Armenia and Azerbaijan, once locked in decades of war over Nagorno-Karabakh, have moved to end hostilities, with a preliminary peace agreement signed in Washington. The deal paves the way for mutual recognition of borders and the creation of the Zangezur Corridor, a transport link managed by a third party running through southern Armenia, connecting mainland Azerbaijan to its Nakhchivan enclave and on to Turkey. For Azerbaijan, the corridor replaces its reliance on Iranian territory to mainland contact with Nakhchivan, cutting Iran out of a role it has used for years to exert leverage over Azerbaijan. For Iran, the project sidelines its influence in the South Caucasus entirely, additionally blocking access to the Armenian border it depends on for overland routes to regional markets and the Black Sea.

3It also threatens the Iran-Armenia gas pipeline and associated gas-for-electricity swap deals, which have been pillars of Tehran’s economic influence northward. By giving Azerbaijan and Armenia a direct route that bypasses Iranian territory altogether, the corridor undermines one of Iran’s last strategic footholds in the region.

Tehran as now declared that it will block the Zangezur corridor’s construction, with or without Russian support. Senior adviser to the Supreme Leader, Ali Akbar Veleyati, called the idea of the US leasing the route to a private military company for 99 years impossible, warning that it would become a graveyard for Trump’s mercenaries.

Iran has already held military exercises on its northwestern border to underscore its readiness to intervene, and possibly undertake military action against Armenia, Azerbaijan, and any who support the corridor’s construction. However, with the peace framework between Armenia and Azerbaijan now close to completion, and the construction of the Zangezur Corridor threatening to remove the need for Russian peacekeepers, Moscow is beginning to push back, even while still bogged down in Ukraine. 
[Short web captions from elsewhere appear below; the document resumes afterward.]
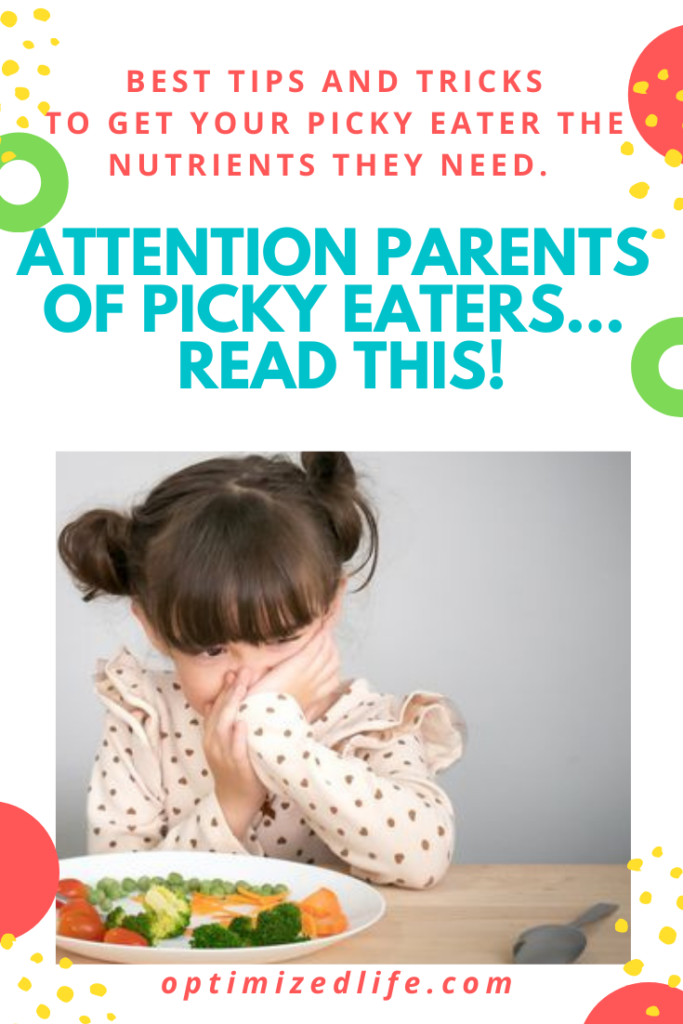 vitamins for picky eaters 
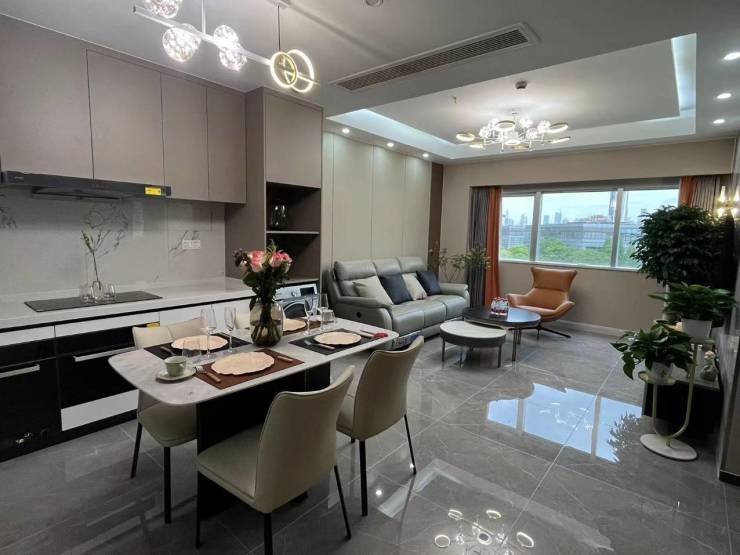 上海北岸壹号项目即将上市 主推建面约49-102㎡户型公寓图3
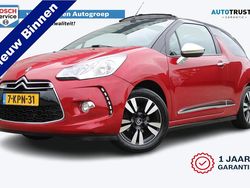 Rood Gebruikt 2013 Citroën DS3 Cabriolet So Chic Cabriolet | € 6.450 (Duur)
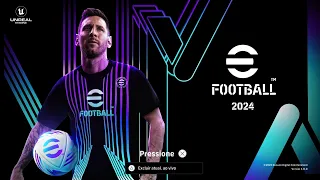 efootball. 2024 testando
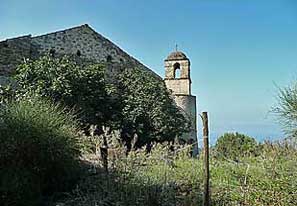 Das verlassene Kloster San Giovanni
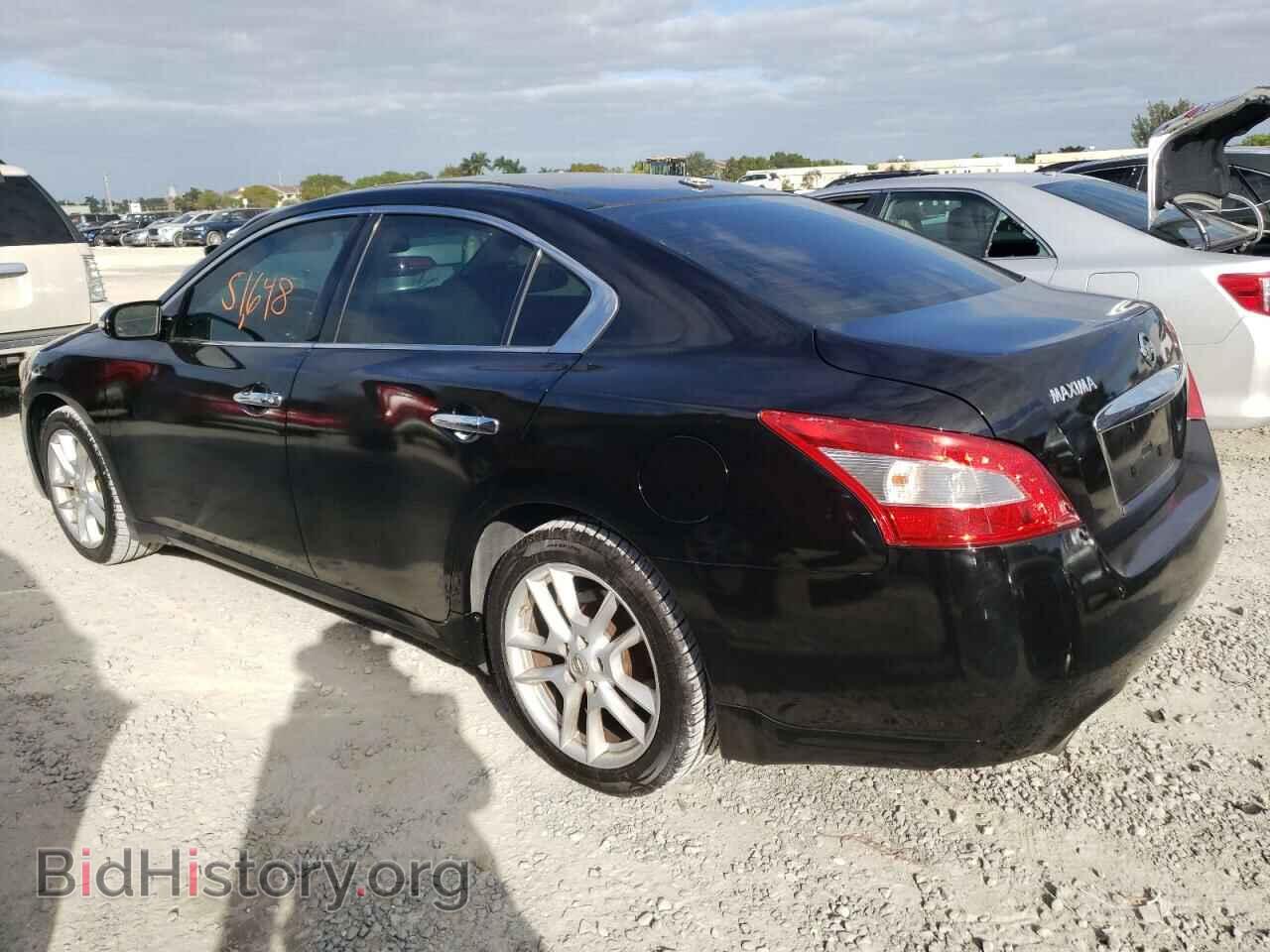 2011 NISSAN MAXIMA - VIN: 1N4AA5AP3BC854921 - Photo 2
Russia has now launched a humanitarian mission in Armenia to provide aid to displaced Armenians from Nagorno-Karabakh, a move aimed at regaining popularity among the Armenian public while reminding the Armenian government that Russia will not give up its role and influence in the region. The effort also carries a veiled warning: that Moscow still has networks and presence inside Armenia, it could use to pressure the government. This is a sharp contrast to Russia’s earlier inaction, having failed to defend Armenia both before and during the Ukraine war, only to protest when Armenia sought guarantees elsewhere.

Notably, Russia and Iran are deepening their military cooperation in the southern Caucasus, signaling joint strength to two neighbors seeking to break free of their influence. In the Caspian Sea, they have just completed the Casarex 2025 naval and amphibious drills, bringing together warships, missile boats, and destroyers for coordinated operations. While officially framed as defensive, these exercises demonstrate capabilities that could be applied offensively. Regional analysts now warn of scenarios where Russian troops already stationed in Armenia seize strategic border crossings, or where Russian intelligence agencies fund and arm separatist groups, repeating the same playbook used in Ukraine and Georgia. Amphibious landings or missile strikes from the Caspian could target coastal infrastructure, while Iranian forces move in from the south, forcing the still infant friendship between Armenia and Azerbaijan to mount a joint defense against two major regional powers at once.

Overall, the alignment of Armenia and Azerbaijan under a US-backed trade and transit deal has forced both Russia and Iran to confront the disappearance of their influence in the South Caucasus. For Iran, the corridor represents a strategic bypass that cuts it out of the regional transit and undermines its energy leverage; for Moscow, it signals the loss of another former client to Western-backed integration. Their joint military exercises and hardline rhetoric suggest that, for all the diplomatic progress made between Azerbaijan and Armenia, the Zangezur Corridor could still become the focal point of a new confrontation, one where the peace deal itself is the target.